▼▼▼

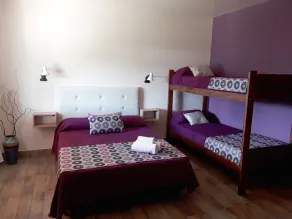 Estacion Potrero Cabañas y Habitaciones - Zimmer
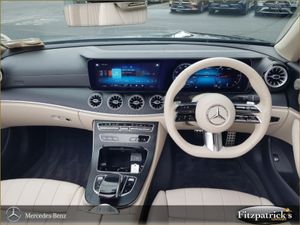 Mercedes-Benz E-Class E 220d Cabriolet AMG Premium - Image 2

▲▲▲
▼▼▼

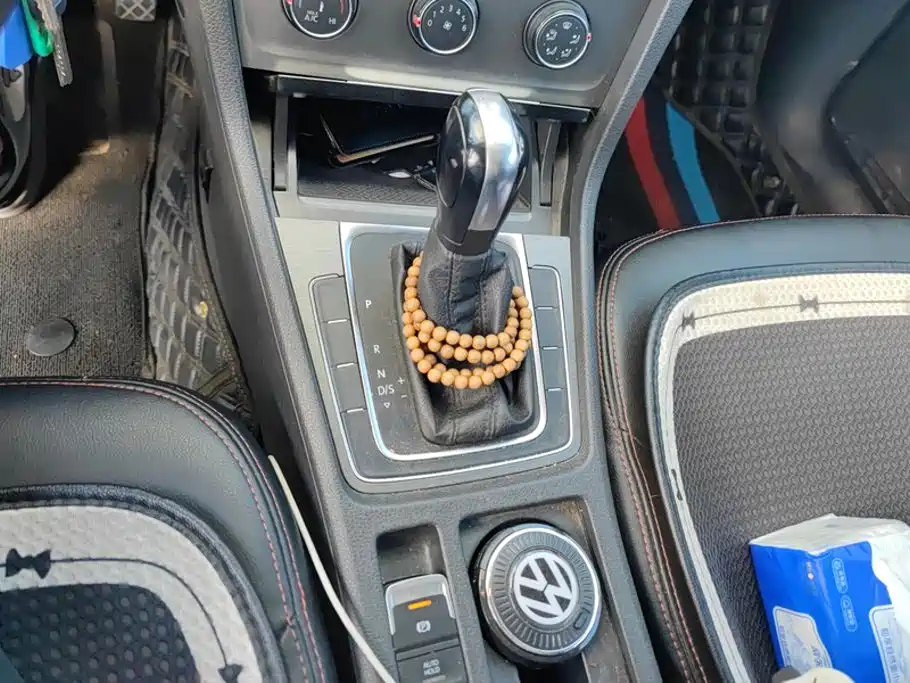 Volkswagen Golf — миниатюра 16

▲▲▲
▼▼▼

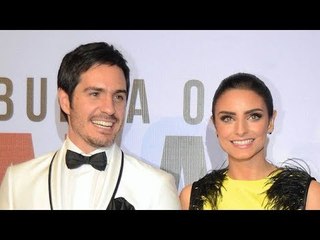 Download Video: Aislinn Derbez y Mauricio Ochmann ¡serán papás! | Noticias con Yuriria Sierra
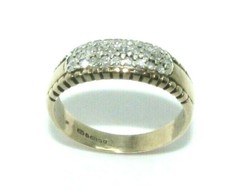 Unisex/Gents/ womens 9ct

▲▲▲

_INSTRUCTIONS TO FOLLOW_: Once the line with "Download Video: Aislinn" has been found above, output that line and every later line exactly, stopping after the line with "Unisex/Gents/ womens 9ct", and omit the pictures.

_RESULT FOR THIS TASK_:
 Download Video: Aislinn Derbez y Mauricio Ochmann ¡serán papás! | Noticias con Yuriria Sierra
 Unisex/Gents/ womens 9ct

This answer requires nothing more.